**What you should do**
Once the images are set aside, output the listing exactly as it stands.

**Raw data**
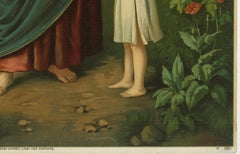 Antique Catholic Print of Jesus Blessing Children – Germany, c. 1890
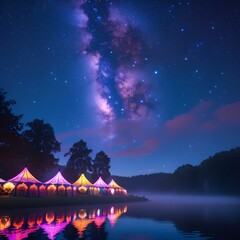 Dreamy campsite beside glowing water and trees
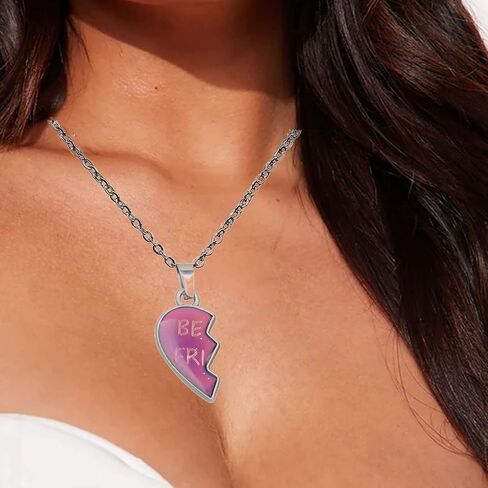 Dcfywl731 Bff Necklace for 2 Best Friendship Necklace Temperature Sensing Magnetic Color Change Necklaces Half Heart Pendant Mood Necklace for Sisters Friends in Saudi Arabia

**Solution for this problem**
 Antique Catholic Print of Jesus Blessing Children – Germany, c. 1890
 Dreamy campsite beside glowing water and trees
 Dcfywl731 Bff Necklace for 2 Best Friendship Necklace Temperature Sensing Magnetic Color Change Necklaces Half Heart Pendant Mood Necklace for Sisters Friends in Saudi Arabia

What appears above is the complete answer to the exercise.